[Captioned web image data]
-*-*-

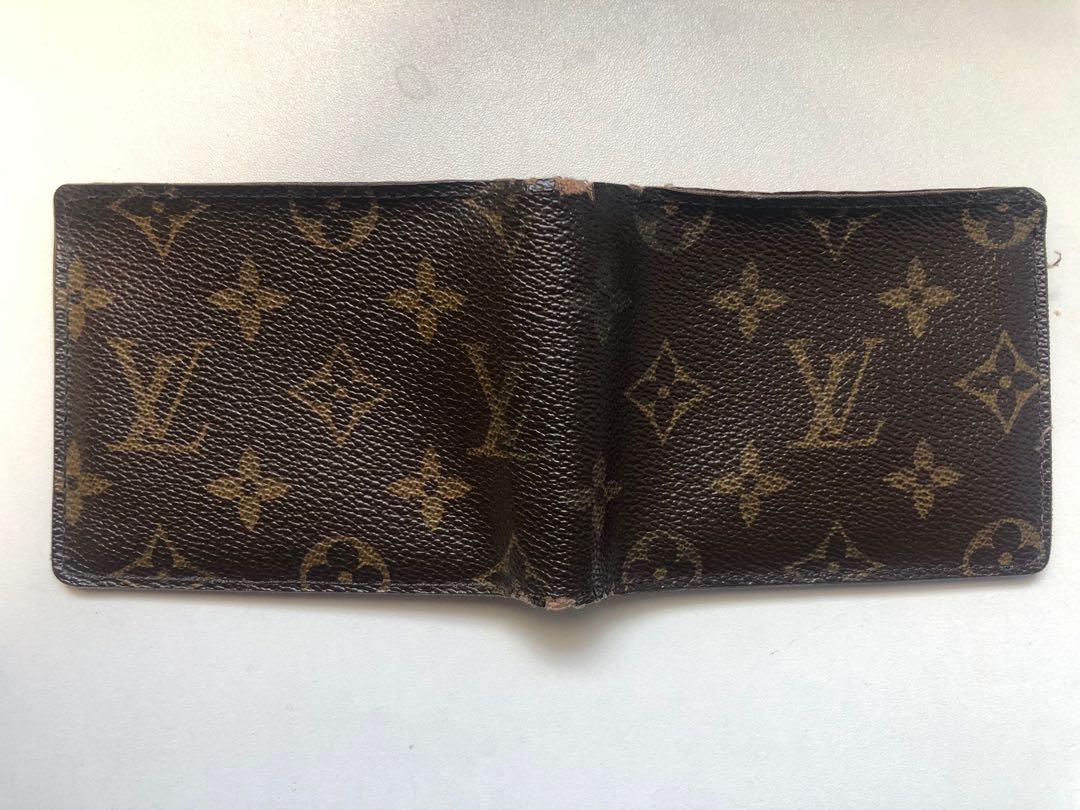 LV Men monogram bifold wallet authentic (Category: Luxury Bags & Wallets) located in Makati City. Submitted by littonton (Listing ID 1122973200, Image 3). Description: Please see photos for issues. Condition5/10 Comes with box and pouch.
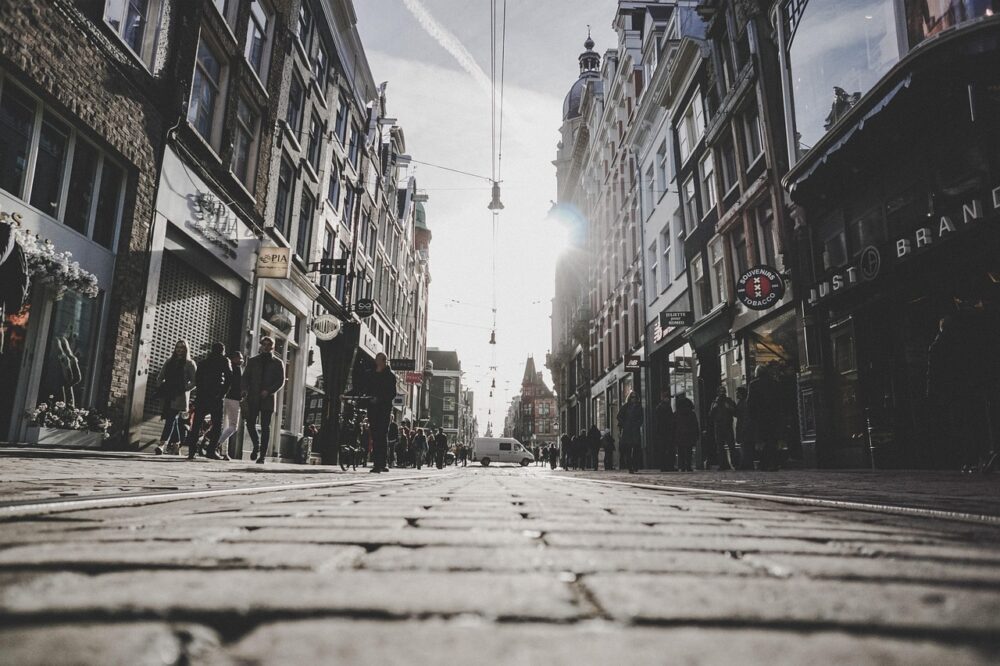 Which budget hotels in Amsterdam offer luggage storage?
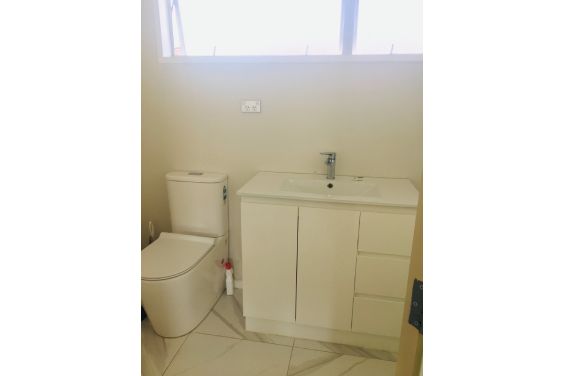Studio - bathroom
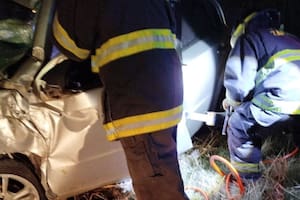 Tragedia en la Ruta 11: murió un chofer y 19 personas resultaron heridas en un choque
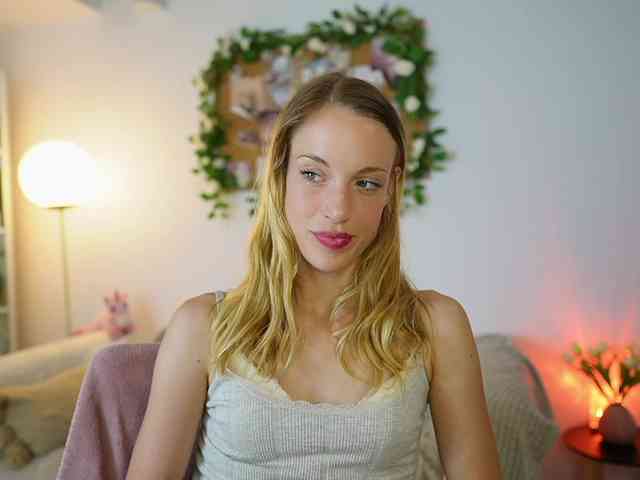 AprilRose webcam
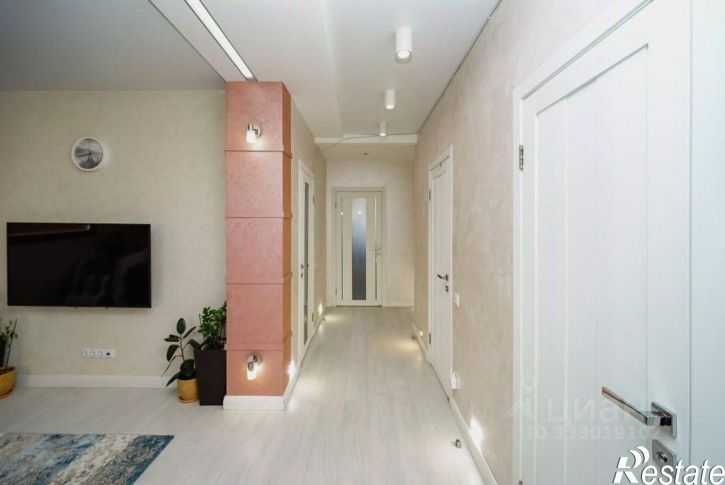 3-комн квартира ул 1-й Красной Звезды, 81,  д. 81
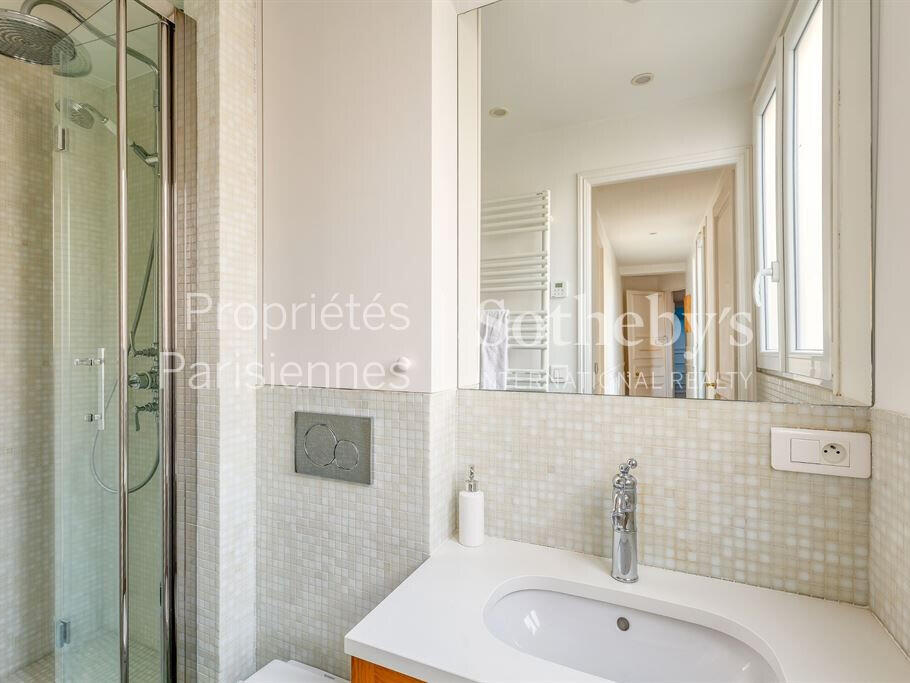 Apartment Paris 9e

-*-*-

* WHAT THE EXERCISE ASKS *
Copy exactly, and copy nothing else: the lines from the one containing "Tragedia en la" through the end of the data, both ends included, with pictures left out.

* FINAL ANSWER *
 Tragedia en la Ruta 11: murió un chofer y 19 personas resultaron heridas en un choque
 AprilRose webcam
 3-комн квартира ул 1-й Красной Звезды, 81,  д. 81
 Apartment Paris 9e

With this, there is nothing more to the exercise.